The Monsters are due on Maple Street in 2012

So, the holidays are over, everyone had time to visit with friends and family.  We all ate too much and got nice presents and watched little kids go nuts and rip open packages, get new toys only in half of the instances to end up playing with the box all day.  Most of us did a lot of Christmas shopping this year, retailers had a bigger year than last year but one particular retail sector set records, gun stores.

 That’s right record gun sales in December, eclipsing the previous record set way back in November of that’s right, 2011.  Why are so many people in the United States arming themselves?  One of my favorite episodes from the original Twilight Zone series is called the Monsters are Due on Maple Street.  It’s a typical neighborhood in 1950’s America on a Summer night, washing cars, barbecues and kids playing in the street.  Then something streaks across the sky and a kid tells a story about alien invasion and ordinary people begin to turn on each other to find the monsters among them.  In nuclear paranoid America there was always an undercurrent of fear and paranoia that the big one would fall.  Take that tension and add just the right pressure and boom, neighbor against neighbor.  Of course it’s the Twilight Zone so at the end of the episode the camera pulls back and two aliens talk about how this is exactly how they’ll do the invasion, the kid was right.

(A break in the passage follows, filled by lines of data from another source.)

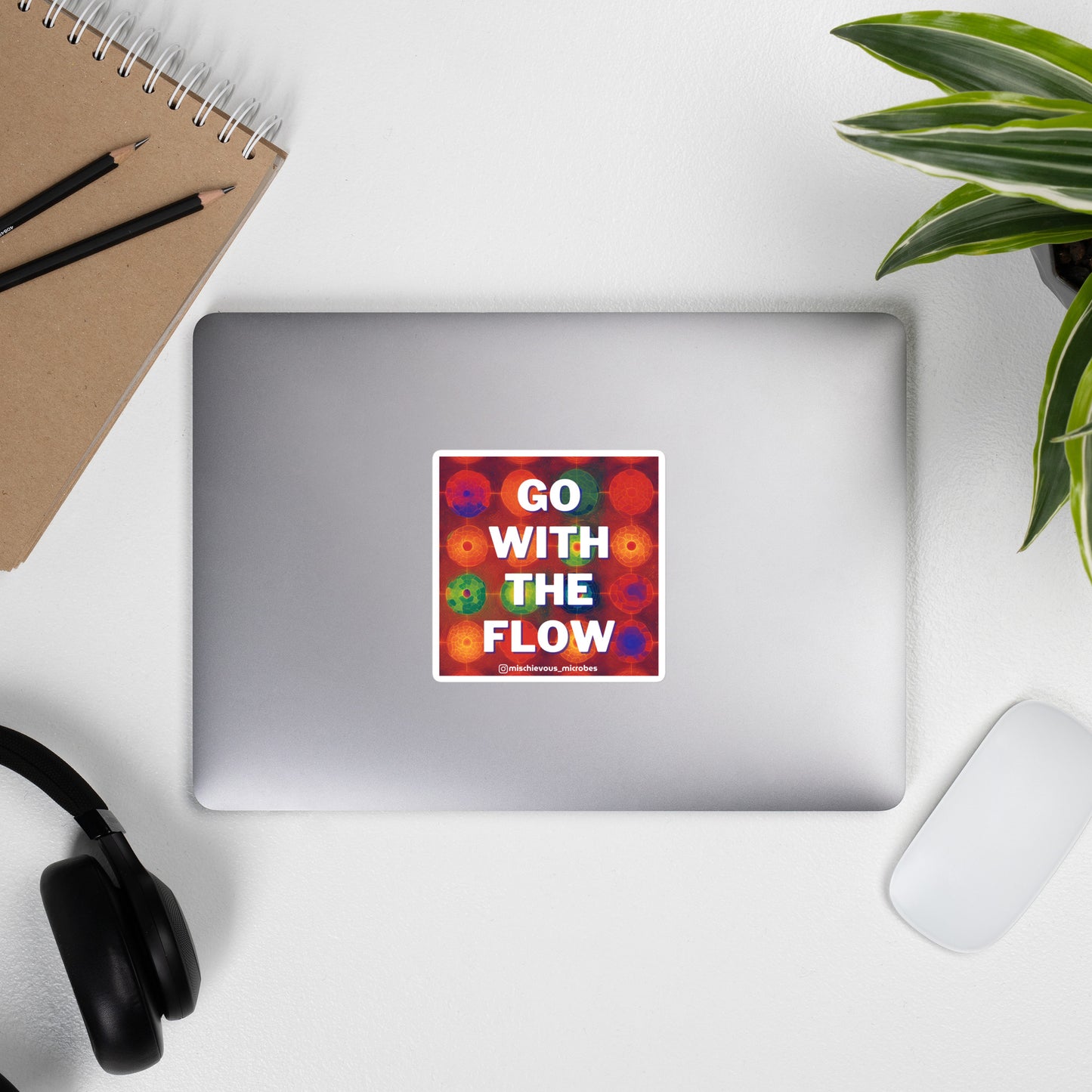 Go With the Flow - Sticker - N.02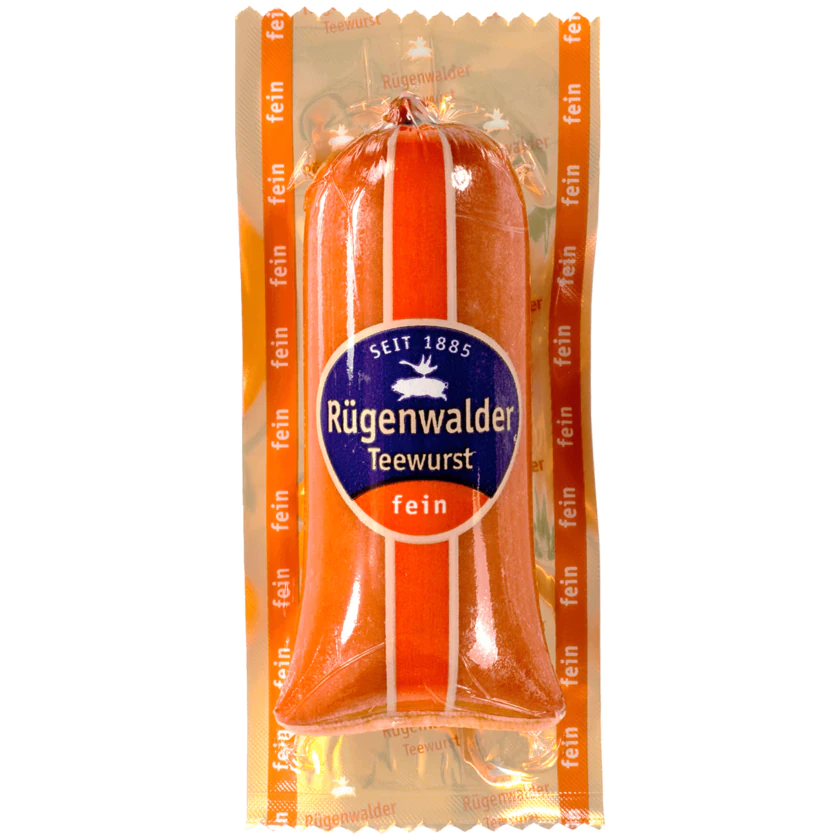 Wilhelm Brandenburg Rügenwalder Teewurst fein 200g - 4006784006135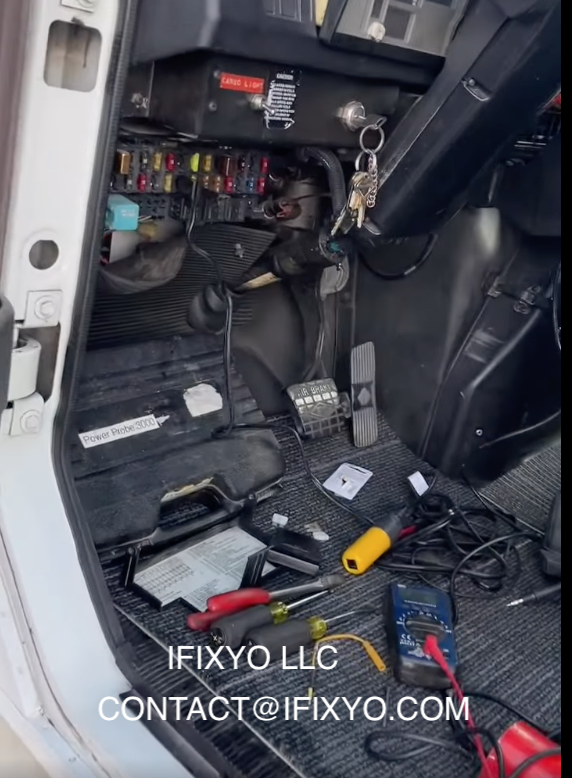 Truck Diagnostics & Electrical Repair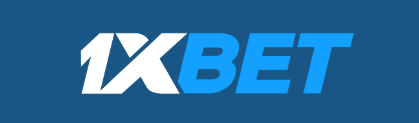 1xBet homepage screenshot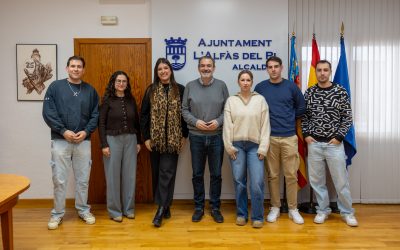 Primer encuentro institucional con los Mayorales de las Fiestas del Jubileo y del Cristo del Buen Acierto 2026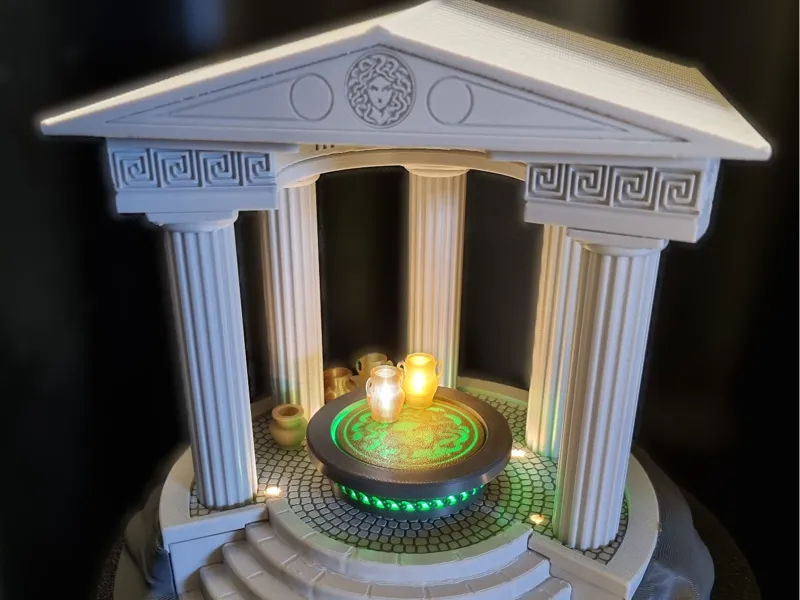 Medusa's Temple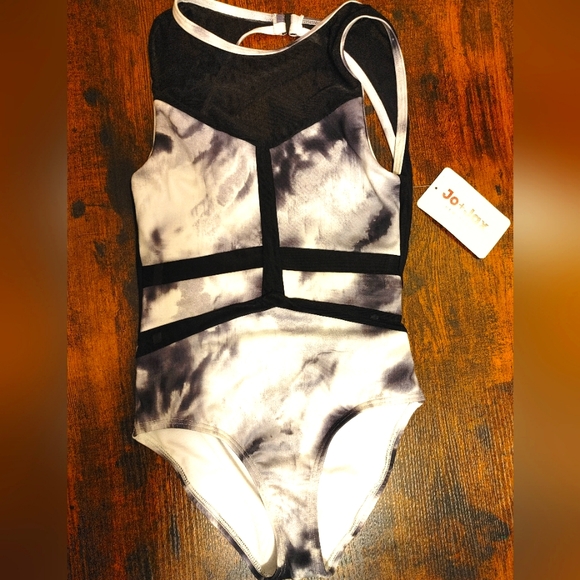 Jo+Jax Angles Leo Shadow leotard - Picture 5 of 11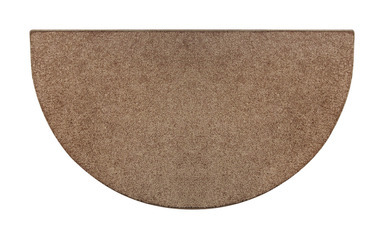 Hearth Rug Lt Hickry Brn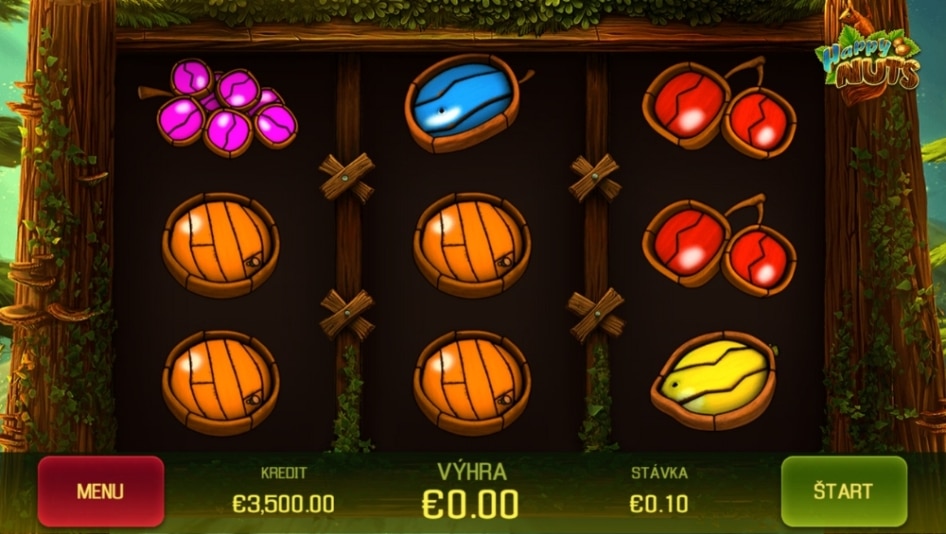 Happy Nuts od Apollo Games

Well, a lot of the conditions that made Maple Street ripe for chaos are present today in America once again.  We are in a world where the people of Arab nations are taking to the streets to free themselves from oppressive leaders.  Iran and North Korea are less stable than they have been in quite some time.  Occupy protestors are in the streets right here in the United States, and for good reason, our political system is broken, the current GOP Presidential race is more like reality TV than a process designed to possibly pick the next leader of the free world (whatever that is), our economy is dragging along on life support fearing the default of Italy or Spain, or Iran causing oil prices to spike.  The income gap in the United States is larger than ever and unemployment still flies well above 8% and a whole lot of kids are going to graduate with college degrees this May and not find work.

Now we no longer live under the fear of imminent nuclear war, although Putin is doing a dandy job of raising the nerves of Washington establishment.  However there is a lovely irrational fear that has permeated our culture, the Apocalypse.  That’s right the end of the Mayan Calendar has had a perceptible impact on the psyche of Americans.

Now do I think the world is going to end on December 21, 2012 of course not, I mean really, just because Zippy the Mayan Calendar Maker stopped his calendar at the end of a cycle a thousand years in the future doesn’t mean he had some mystical insight into the future.  Now I personally think ancient peoples get vastly under estimated for their level of intelligence and ability, but being psychic or having worked out the intricacies of plate tectonics, solar cycles, calculate universal gravitational constants and the rotation of planets imperceptible to modern man?  I don’t think so.

 The real risk from all of this Mayan silliness is the underlying pressure that it creates.  The impact it has on all of those new gun owners and new breed survivalists.  You see I don’t worry about the folks who have been building bunkers for years and setting up remote bug out locations.  The people I fear are the ones who are scared and semi-prepared or not prepared at all.  You see it’s that group of people who lose it for little or no reason.   Take the real tensions in our world, add in the irrational tensions of doomsday and then throw a combination of unexpected events and you have a recipe for disaster.  So say a heat wave this Summer triggers a power outage that crashes the grid for a couple of days, does a major metropolitan city meltdown under that scenario?  What if that power outage happens on December 21st, how many of those new gun owners start shooting at their neighbors who want to come to their house to stay warm.  To me what this says is that Maple Street is ready for the monsters and as Rod Serling said in the epilogue to that famous Twilight Zone episode, “the monsters are us.”